Mereka yang senantiasa berusaha mencari keridhaan Allah dengan bersuci, niscaya akan dicintai Allah Swt. Allah akan menundukkan segala sesuatu bagi mereka. Apabila manusia sudah memperoleh cinta-Nya, mustahil Allah tidak menundukkan alam semesta baginya. Ini disebabkan orang yang mencintai Allah meletakkan keinginan Allah di atas segalanya. Selain itu ia juga hanya akan melakukan suatu perbuatan apabila itu sesuai dengan keinginan Allah Swt. Allah menundukkan jagat alam ini untuknya. Dan alam semesta akan taat kepadanya. Karenanya, kemenangan hidup akan senantiasa mengiringinya.
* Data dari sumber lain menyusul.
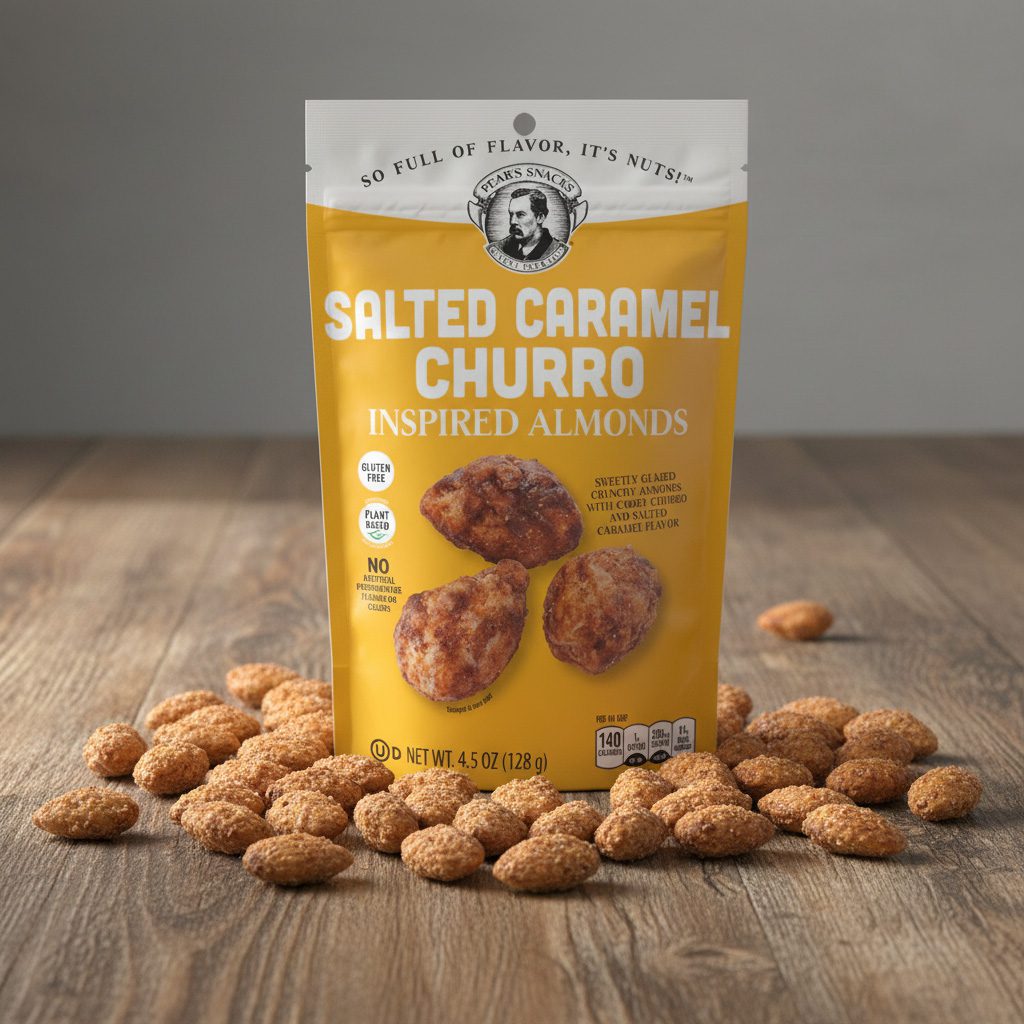 47222-Pears-Salted-Caramel-Churro-Almonds Pear's Salted Caramel Churro Almonds 4.5 oz. bag 6 per case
Dalam surat Ma’arij, khususnya yang berkenaan dengan pembahasan shalat, Allah menyatakan bahwa manusia merniliki tabiat yang khas ketika mereka berada dalam kesusahan, yakni senantiasa berkeluh-kesah. Bila memperoleh kebaikan, ia akan mencegah kebaikan tersebut bagi orang lain. Ini merupakan tabiat manusia, bukan fitrahnya. Sebab, fitrah manusia berasaskan pada ketauhidan. Adapun tabiat manusia dijejali gumpalan kotoran dan keburukan. Para nabilah yang menghidupkan fitrah manusia. Sementara tabiat dipenuhi dengan kekotoran: “Sesungguhnya manusia diciptakan bersifat keluh kesah lagi kikir. Apabila ditimpa kesusahan, ia berkeluh kesah dan apabila mendapat kebaikan ia amat kikir, kecuali orang-orang yang mengerjakan shalat.”(al-Ma’arij: 19-22).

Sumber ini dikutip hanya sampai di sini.